# Knicks vs Wizards: Nov 15, 2006



## USSKittyHawk (Jul 22, 2005)

*vs







*
*Date: November 15, 2006*
*Time: 7:30 PM*
*TV: MSG/NBALP*

*Here is the projected lineup for both teams:*
*Knicks*




































*Curry/Frye/Richardson/Crawford/Marbury*
*Wizards*
*




























*








*Thomas/Jamison/Butler/Daniels/Arenas*​ 
​*Knicks:*


> Stephon Marbury can't seem to make anything positive happen at Madison Square Garden. The veteran playmaker looks uncomfortable at home. He looks to be pressing after getting singled out by the unhappy fans, who are perhaps rattling some of the players. It's not easy to keep everyone happy. "I don't know," Knicks coach Isiah Thomas said. "He definitely is playing better on the road. I think he'll get it back." Marbury has a total of 24 points and 11 assists in three home games.


 

*Wizards:*


> Reunions are usually special in the NBA, but the Wizards won't get to the chance to reunite with Jared Jeffries when the Wizards play the first of four games this season against the Knicks Wednesday at Madison Square Garden. Jeffries, a former Wizard who signed with the Knicks over the summer, will miss the next eight weeks at least after wrist surgery. The Wizards took three of the four meetings between the teams last year. However, the Knicks punished the Wizards 113-92 last Jan.


----------



## Gotham2krazy (Nov 22, 2005)

Another L? This is what I'm hoping for.


----------



## Truknicksfan (Mar 25, 2005)

> Another L? This is what I'm hoping for.

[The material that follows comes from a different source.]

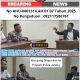 Detik-detik Kapolsek Grabag Mengaku Lupa Serahkan Bukti Laporan, Bungkam Saat Ditanya Hak Pelapor Secara Presisi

Why? L's are only going to get rid of zeke not steph and francis, if thats what your thinking.


----------



## USSKittyHawk (Jul 22, 2005)

We have a small 2 point lead to end the 1st. We had a nice balance offensive attack, so hopefully we can keep it up.


----------



## ChosenFEW (Jun 23, 2005)

nice lead by the knicks....

also camron on the half time show was pretty cool....from what i hear he was a pretty good ball player....even gave it to marbury back in the days too i believe in a high school game....


----------



## USSKittyHawk (Jul 22, 2005)

7 Point lead at the half, let's hope we can hold on.


----------



## USSKittyHawk (Jul 22, 2005)

Balkman is having his best game as a Knick, the young man is hustling out there.


----------



## ChosenFEW (Jun 23, 2005)

lol you guys see that little kid cheering...

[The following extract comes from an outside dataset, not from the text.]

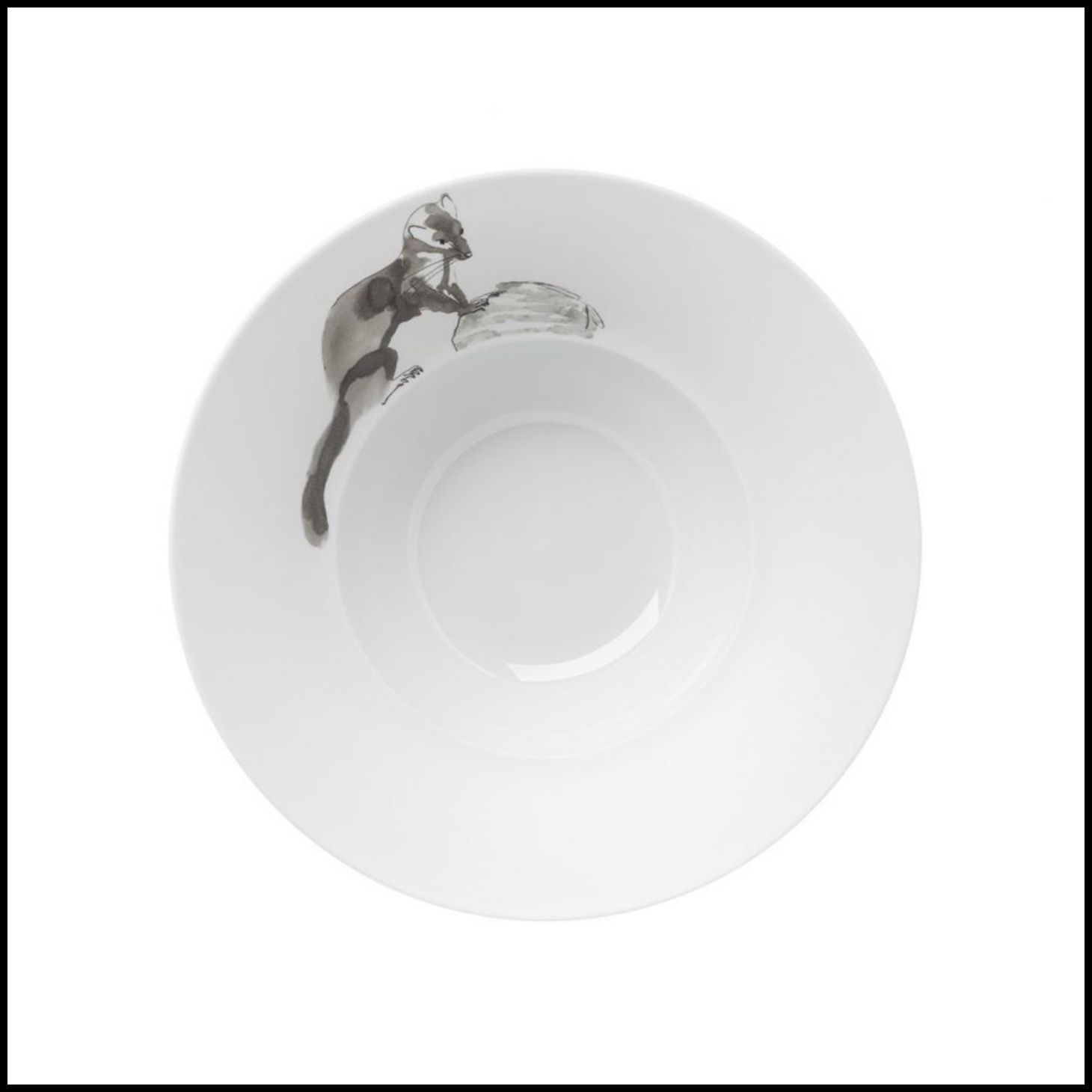 Hering Berlin, Piqueur, Salad bowl, soup bowl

someone get him season tickets....by the way the game is going he could be the knicks good luck charm:angel:


----------



## USSKittyHawk (Jul 22, 2005)

I like this lineup Isiah has going in the 4th.

Rose
Lee
Balkman
Nate
Crawford

The all hustle team, that won't allow you to lose a lead in the 4th. I could have sworn I posted this a few game thread back, about time Isiah.


----------



## ChosenFEW (Jun 23, 2005)

david lee is looking like our lottery pick and channing our 30th


----------



## ChosenFEW (Jun 23, 2005)

balkman has that big kool-aid smile:biggrin:


----------



## USSKittyHawk (Jul 22, 2005)

ChosenFEW said:


> balkman has that big kool-aid smile:biggrin:


I hope he gets 20 points, but Isiah must keep in mind to use that all energy lineup when we have a lead in the 4th or when we are behind. They hustle their butt off, and is it just me or has Francis been MIA the entire 2nd half? :biggrin:


----------



## USSKittyHawk (Jul 22, 2005)

ChosenFEW said:


> david lee is looking like our lottery pick and channing our 30th


That's mean, but funny as hell. :laugh: You right though, Frye is another guy that's MIA.


----------



## ChosenFEW (Jun 23, 2005)

i dunno.....but francis and marbury are turning out to be VERY expensive cheerleaders...


did you see marbs....someone get that man some pom poms:biggrin:


----------



## ChosenFEW (Jun 23, 2005)

nate rob. leads NBA in points off the bench....


not bad.....


----------



## USSKittyHawk (Jul 22, 2005)

ChosenFEW said:


> i dunno.....but francis and marbury are turning out to be VERY expensive cheerleaders...
> 
> 
> did you see marbs....someone get that man some pom poms:biggrin:


Expensive indeed, I need a gig like that. :biggrin:


----------



## ChosenFEW (Jun 23, 2005)

Knicks Win!!


----------



## USSKittyHawk (Jul 22, 2005)

The Knicks win their first game of the season by the final score of 102-82! Yeah Boy!


----------



## USSKittyHawk (Jul 22, 2005)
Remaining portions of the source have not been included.